## SOURCE MATERIAL
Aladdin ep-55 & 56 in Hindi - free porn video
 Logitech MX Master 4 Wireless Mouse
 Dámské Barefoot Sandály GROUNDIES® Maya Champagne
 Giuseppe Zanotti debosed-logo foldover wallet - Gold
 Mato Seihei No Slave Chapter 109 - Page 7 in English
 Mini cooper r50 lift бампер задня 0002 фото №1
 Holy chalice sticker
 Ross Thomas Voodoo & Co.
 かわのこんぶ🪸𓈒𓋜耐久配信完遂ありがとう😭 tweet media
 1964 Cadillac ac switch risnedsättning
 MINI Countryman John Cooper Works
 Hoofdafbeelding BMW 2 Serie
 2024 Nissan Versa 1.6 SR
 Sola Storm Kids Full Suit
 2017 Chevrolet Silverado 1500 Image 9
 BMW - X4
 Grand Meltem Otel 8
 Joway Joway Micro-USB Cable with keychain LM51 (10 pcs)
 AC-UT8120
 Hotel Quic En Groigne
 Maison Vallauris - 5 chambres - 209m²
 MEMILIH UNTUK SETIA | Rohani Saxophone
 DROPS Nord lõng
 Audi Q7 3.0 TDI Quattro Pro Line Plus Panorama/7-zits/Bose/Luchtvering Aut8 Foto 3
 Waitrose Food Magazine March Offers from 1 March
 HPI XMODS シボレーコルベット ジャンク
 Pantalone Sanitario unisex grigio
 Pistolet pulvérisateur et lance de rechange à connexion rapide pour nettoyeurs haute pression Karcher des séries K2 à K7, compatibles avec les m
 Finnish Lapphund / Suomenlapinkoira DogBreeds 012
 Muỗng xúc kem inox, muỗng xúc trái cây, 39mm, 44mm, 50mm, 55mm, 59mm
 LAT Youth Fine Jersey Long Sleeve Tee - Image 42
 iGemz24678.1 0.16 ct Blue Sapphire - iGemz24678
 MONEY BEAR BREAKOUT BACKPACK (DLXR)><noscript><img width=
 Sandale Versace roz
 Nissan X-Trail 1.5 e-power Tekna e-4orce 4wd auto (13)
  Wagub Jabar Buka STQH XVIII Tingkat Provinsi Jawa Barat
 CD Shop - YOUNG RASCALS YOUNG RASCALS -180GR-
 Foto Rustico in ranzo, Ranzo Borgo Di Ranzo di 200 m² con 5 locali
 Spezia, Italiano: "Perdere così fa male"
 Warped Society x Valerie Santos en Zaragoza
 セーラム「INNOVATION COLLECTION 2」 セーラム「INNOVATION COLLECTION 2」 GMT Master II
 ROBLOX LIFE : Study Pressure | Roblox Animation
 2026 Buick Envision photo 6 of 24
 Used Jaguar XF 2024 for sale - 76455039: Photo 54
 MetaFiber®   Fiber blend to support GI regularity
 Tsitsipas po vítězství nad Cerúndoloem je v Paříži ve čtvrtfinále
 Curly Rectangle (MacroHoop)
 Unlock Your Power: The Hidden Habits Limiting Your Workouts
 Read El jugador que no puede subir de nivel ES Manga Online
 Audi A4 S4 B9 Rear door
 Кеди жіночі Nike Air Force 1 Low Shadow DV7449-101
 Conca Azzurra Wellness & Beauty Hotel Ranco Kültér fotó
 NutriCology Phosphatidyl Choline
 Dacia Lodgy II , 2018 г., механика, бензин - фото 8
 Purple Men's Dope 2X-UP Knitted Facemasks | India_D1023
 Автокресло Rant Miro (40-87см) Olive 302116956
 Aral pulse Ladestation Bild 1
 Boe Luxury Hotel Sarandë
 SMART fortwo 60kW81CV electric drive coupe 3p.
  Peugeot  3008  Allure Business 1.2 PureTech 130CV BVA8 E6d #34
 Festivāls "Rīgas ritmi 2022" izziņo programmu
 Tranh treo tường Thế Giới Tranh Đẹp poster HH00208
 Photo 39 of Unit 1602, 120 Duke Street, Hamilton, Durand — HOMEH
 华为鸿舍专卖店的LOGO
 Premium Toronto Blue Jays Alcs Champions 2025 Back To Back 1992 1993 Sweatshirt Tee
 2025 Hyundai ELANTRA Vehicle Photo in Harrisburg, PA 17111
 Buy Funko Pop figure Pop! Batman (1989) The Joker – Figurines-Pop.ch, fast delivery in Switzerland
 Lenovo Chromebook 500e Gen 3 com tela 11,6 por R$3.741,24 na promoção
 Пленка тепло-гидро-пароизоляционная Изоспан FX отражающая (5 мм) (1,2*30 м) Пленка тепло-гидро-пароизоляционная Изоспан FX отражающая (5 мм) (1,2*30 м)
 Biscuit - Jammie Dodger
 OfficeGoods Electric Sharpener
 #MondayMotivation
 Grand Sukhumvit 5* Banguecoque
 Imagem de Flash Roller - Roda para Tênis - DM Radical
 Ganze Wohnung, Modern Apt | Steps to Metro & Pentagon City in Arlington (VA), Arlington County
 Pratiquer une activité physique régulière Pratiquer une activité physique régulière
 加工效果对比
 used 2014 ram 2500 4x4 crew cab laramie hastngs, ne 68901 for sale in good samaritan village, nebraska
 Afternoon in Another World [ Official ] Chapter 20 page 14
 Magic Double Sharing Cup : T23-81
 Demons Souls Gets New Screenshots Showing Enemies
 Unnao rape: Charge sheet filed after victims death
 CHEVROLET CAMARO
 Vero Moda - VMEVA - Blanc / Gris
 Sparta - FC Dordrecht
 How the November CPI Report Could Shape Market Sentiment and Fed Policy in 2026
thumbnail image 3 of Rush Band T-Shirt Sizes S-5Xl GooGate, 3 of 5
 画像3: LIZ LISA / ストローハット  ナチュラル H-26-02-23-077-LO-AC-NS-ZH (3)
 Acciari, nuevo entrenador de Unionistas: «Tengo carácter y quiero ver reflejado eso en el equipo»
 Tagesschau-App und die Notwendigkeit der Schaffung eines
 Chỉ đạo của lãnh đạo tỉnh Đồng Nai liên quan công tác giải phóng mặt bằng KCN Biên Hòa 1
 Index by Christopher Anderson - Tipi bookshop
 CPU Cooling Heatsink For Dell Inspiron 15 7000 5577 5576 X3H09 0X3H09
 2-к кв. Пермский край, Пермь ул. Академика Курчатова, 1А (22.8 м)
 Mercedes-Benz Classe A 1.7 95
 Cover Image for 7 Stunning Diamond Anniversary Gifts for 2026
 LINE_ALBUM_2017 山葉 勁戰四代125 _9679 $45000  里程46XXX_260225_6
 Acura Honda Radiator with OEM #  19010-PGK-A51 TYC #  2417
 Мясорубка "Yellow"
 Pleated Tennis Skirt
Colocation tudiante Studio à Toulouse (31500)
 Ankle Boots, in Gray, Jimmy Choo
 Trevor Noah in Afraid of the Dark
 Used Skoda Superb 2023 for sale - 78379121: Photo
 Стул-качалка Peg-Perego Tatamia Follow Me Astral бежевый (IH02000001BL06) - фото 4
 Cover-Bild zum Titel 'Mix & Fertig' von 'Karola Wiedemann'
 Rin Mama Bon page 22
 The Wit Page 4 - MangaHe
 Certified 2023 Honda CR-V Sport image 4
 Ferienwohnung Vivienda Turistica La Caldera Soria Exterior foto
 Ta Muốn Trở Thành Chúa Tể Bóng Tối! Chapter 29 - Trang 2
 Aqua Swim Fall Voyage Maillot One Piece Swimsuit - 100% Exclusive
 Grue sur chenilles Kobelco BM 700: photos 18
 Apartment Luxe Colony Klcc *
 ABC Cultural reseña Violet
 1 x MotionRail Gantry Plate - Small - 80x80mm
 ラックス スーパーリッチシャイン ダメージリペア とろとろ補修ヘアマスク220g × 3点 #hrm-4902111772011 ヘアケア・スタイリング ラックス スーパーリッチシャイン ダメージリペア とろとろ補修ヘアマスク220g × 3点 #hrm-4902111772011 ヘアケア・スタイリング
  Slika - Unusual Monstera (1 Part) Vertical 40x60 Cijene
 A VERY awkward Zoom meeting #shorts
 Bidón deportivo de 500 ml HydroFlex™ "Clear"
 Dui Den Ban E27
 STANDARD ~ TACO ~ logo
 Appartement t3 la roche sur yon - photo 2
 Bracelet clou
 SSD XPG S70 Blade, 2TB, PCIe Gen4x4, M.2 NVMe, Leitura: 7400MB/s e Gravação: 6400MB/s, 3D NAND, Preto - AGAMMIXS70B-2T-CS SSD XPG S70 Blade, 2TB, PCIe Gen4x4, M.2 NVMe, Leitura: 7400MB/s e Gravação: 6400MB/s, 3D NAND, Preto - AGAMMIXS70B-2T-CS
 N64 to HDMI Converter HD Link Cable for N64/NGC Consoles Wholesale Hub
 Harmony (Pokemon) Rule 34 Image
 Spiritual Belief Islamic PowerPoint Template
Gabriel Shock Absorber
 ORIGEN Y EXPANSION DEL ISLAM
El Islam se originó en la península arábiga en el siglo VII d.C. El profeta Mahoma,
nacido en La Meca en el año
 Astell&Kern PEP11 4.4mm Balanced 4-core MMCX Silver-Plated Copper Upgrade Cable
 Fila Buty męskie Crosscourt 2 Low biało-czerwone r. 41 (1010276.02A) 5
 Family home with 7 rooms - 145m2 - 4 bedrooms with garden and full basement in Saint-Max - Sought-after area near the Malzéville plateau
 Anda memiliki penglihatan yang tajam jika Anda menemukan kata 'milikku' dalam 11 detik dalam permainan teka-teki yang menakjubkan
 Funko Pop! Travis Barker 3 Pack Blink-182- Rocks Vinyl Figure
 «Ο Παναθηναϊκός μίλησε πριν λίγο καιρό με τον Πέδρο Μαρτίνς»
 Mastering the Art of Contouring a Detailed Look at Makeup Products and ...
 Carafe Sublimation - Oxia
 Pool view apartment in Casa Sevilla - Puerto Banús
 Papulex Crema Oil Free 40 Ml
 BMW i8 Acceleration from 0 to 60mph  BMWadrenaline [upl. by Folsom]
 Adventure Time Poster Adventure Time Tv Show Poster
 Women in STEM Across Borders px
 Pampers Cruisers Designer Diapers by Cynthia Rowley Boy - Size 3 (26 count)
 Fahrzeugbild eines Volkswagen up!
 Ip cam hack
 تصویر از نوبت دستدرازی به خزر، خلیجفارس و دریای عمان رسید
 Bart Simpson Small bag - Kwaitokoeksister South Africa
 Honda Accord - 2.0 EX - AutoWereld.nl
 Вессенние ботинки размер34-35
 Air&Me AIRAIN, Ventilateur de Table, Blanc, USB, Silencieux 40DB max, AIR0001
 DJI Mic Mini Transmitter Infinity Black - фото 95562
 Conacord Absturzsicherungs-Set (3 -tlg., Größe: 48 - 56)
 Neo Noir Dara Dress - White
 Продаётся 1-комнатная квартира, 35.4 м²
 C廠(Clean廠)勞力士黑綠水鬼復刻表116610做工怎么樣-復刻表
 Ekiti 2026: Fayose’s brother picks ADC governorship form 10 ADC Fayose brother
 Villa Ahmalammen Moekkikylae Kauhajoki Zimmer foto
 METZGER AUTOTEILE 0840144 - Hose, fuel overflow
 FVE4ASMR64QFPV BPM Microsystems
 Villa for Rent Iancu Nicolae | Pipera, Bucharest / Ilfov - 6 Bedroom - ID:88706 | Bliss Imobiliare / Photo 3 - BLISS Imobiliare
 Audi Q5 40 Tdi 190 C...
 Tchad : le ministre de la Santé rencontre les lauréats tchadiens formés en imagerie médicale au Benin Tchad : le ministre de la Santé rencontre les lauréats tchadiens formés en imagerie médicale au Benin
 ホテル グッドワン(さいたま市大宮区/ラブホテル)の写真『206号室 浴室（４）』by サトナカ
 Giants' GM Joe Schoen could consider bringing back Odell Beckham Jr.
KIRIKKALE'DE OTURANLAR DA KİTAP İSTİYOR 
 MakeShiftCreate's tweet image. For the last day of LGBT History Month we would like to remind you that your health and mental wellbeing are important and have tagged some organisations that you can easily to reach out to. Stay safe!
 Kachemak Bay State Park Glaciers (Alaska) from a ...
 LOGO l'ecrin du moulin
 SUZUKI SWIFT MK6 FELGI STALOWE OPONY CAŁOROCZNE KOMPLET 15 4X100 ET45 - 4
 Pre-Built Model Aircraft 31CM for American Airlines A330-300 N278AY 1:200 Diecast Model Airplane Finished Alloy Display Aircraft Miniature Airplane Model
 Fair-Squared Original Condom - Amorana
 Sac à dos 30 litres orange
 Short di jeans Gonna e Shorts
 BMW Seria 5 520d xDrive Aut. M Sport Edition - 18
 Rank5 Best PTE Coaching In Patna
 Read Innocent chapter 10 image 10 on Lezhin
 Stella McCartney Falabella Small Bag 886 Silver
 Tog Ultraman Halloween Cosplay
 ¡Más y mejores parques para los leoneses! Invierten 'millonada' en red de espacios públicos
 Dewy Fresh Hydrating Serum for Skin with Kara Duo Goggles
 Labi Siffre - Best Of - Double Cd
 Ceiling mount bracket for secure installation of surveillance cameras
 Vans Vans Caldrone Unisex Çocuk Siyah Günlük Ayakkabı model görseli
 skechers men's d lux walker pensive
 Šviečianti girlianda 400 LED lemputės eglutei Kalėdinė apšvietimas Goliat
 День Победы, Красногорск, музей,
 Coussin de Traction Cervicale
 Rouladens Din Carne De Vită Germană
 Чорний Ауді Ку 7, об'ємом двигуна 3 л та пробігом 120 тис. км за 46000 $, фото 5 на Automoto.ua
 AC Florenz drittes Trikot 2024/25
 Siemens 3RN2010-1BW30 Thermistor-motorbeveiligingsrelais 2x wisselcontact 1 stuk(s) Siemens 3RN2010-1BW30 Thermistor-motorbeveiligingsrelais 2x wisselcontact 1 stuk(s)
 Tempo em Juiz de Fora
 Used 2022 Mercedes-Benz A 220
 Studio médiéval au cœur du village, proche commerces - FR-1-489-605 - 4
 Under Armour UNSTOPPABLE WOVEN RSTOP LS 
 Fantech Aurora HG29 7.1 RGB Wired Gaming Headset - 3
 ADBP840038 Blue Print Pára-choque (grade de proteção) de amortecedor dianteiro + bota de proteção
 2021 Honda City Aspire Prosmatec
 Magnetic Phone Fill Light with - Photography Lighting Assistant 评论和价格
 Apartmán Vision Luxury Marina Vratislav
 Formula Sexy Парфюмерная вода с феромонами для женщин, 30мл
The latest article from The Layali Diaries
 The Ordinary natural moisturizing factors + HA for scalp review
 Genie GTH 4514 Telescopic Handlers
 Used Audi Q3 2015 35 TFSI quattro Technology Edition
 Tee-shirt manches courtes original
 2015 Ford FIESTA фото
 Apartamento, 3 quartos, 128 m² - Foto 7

## WHAT IS EXPECTED
From the records above, reproduce exactly the lines from the one with "2026 Buick Envision photo 6 of 24" to the one with "Premium Toronto Blue", both included, and no others.

## YOUR RESPONSE
 2026 Buick Envision photo 6 of 24
 Used Jaguar XF 2024 for sale - 76455039: Photo 54
 MetaFiber®   Fiber blend to support GI regularity
 Tsitsipas po vítězství nad Cerúndoloem je v Paříži ve čtvrtfinále
 Curly Rectangle (MacroHoop)
 Unlock Your Power: The Hidden Habits Limiting Your Workouts
 Read El jugador que no puede subir de nivel ES Manga Online
 Audi A4 S4 B9 Rear door
 Кеди жіночі Nike Air Force 1 Low Shadow DV7449-101
 Conca Azzurra Wellness & Beauty Hotel Ranco Kültér fotó
 NutriCology Phosphatidyl Choline
 Dacia Lodgy II , 2018 г., механика, бензин - фото 8
 Purple Men's Dope 2X-UP Knitted Facemasks | India_D1023
 Автокресло Rant Miro (40-87см) Olive 302116956
 Aral pulse Ladestation Bild 1
 Boe Luxury Hotel Sarandë
 SMART fortwo 60kW81CV electric drive coupe 3p.
  Peugeot  3008  Allure Business 1.2 PureTech 130CV BVA8 E6d #34
 Festivāls "Rīgas ritmi 2022" izziņo programmu
 Tranh treo tường Thế Giới Tranh Đẹp poster HH00208
 Photo 39 of Unit 1602, 120 Duke Street, Hamilton, Durand — HOMEH
 华为鸿舍专卖店的LOGO
 Premium Toronto Blue Jays Alcs Champions 2025 Back To Back 1992 1993 Sweatshirt Tee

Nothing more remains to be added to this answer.